Verrés to Pont-Saint-Martin, 16.84km
Al Drit, our B&B in Verrés was the kind of place you want to stay for a few days. A delightful property with a garden and private terrace, it sits just below the Castillo de Verrés, with a view out over the Valley. What’s more, the family also operates the excellent Ristorate La Tour next door. Although the restaurant is closed on Tuesday, we were served a lovely meal from their normal menu, including vegetable and saffron tart, vegetarian polpettes, tagliatelle with Aosta Bleu cheese, panna cotta and crostata (jam tart). Breakfast this morning included orange cake, croissants alla marmellata, cheese, yoghurt and good espresso.

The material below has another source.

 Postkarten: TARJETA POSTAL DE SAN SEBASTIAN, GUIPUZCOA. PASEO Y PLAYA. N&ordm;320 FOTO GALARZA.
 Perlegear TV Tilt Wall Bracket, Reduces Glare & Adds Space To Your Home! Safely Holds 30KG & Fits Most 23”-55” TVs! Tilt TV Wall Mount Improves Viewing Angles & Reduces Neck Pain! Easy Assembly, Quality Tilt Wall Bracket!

After seeing our bags off by taxi to Pont-Saint-Martin, we walked up to the castle to have a look at this impressive 14thC fortress which dominates the town of Verrés and the Val d’Ayas. By the beginning of the 19thC, the building was falling into disrepair. Through the efforts of the “Director of the Crown Delegation for the preservation of Piedmontese and Ligurian Monuments” restoration began in 1894 and was completed in 1920.

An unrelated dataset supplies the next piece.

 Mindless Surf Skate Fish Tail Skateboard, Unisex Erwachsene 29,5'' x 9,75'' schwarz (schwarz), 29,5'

A cobbled path took us back down to the town centre, where we rejoined the VF which took us across the Dora Bâltea River and then along the western side of the valley floor. (We chose an alternative route avoiding a wide loop to visit the church of San Martino in Arnad.) The route was easy walking and interesting. Of note: the 18thC Bridge of Echallod (where Paul got caught up in thick underbrush and vines trying to get a photo), the ancient town of Hône, where in 1867, flooding from the river resulted in 93 people succumbing to cholera; the medieval village of Bard,
dominated by a fortress originating from the 11thC. The streets are lined with historic houses too numerous to detail! And, lastly, in Donnas we were privileged (and slightly awed) to be able to walk along a section of the Via delle Gallie, the Roman consular road that crossed the lower Aosta Valley into Gaul. The stretch of road was carved into the bare rock for a distance of 221 metres, opening in a 4-metre-high archway.